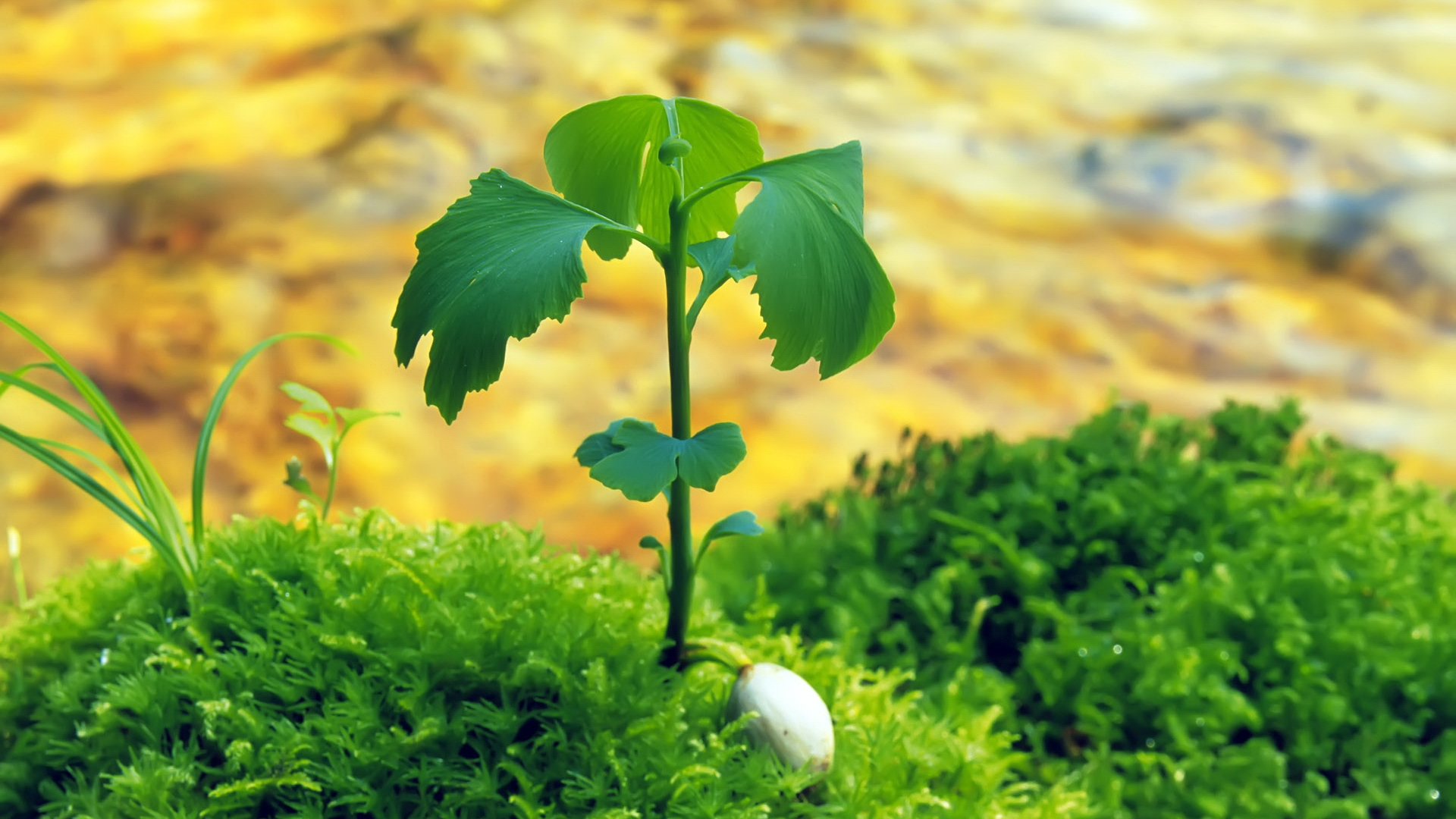 Free download wallpaper Plant, Earth on your PC desktop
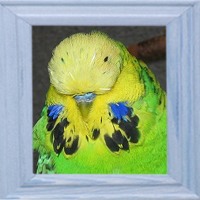 Satyr Gro�kehlflecken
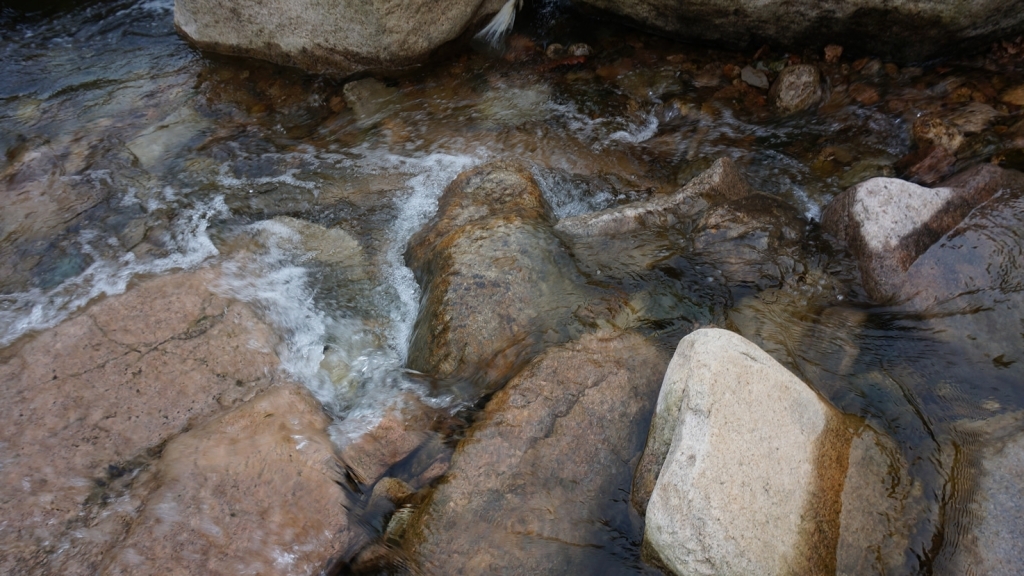 DSC01188.jpg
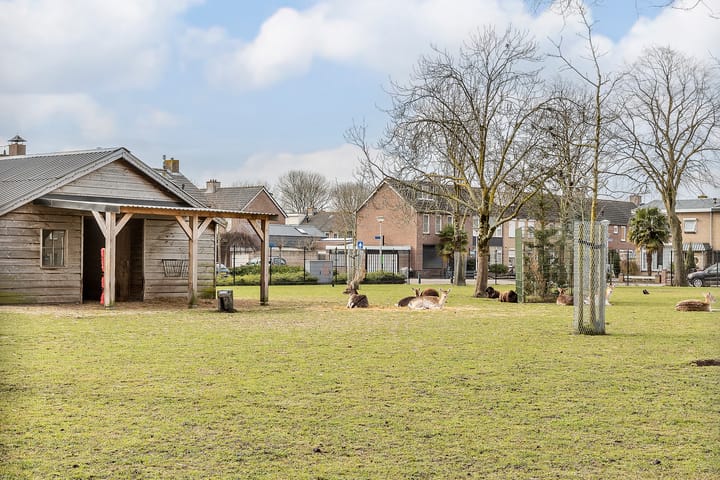 Foto 36 van Hyacinthstraat 5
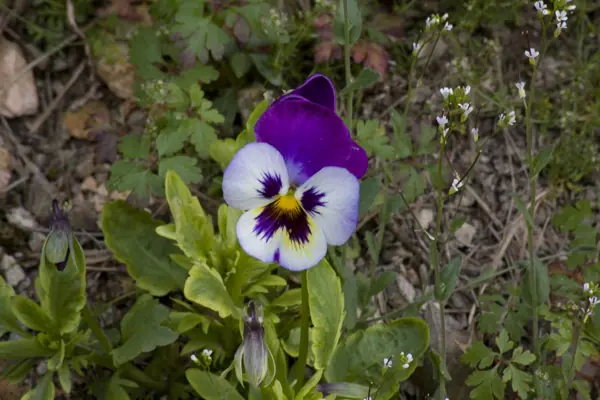 Coll del Mont Caro, fauna i flora (Els Ports) · 01933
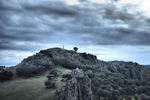 El-arbol-del-ahorcado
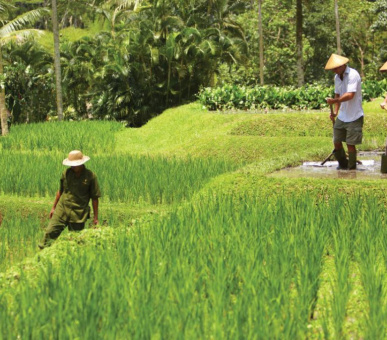 Фото Four Seasons Resort Bali at Sayan (Индонезия, Бали) 11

## WHAT YOU HAVE TO DO
Reproduce every line above exactly, pictures excluded.

## RESPONSE TO THIS EXERCISE
 Free download wallpaper Plant, Earth on your PC desktop
 Satyr Gro�kehlflecken
 DSC01188.jpg
 Foto 36 van Hyacinthstraat 5
 Coll del Mont Caro, fauna i flora (Els Ports) · 01933
 El-arbol-del-ahorcado
 Фото Four Seasons Resort Bali at Sayan (Индонезия, Бали) 11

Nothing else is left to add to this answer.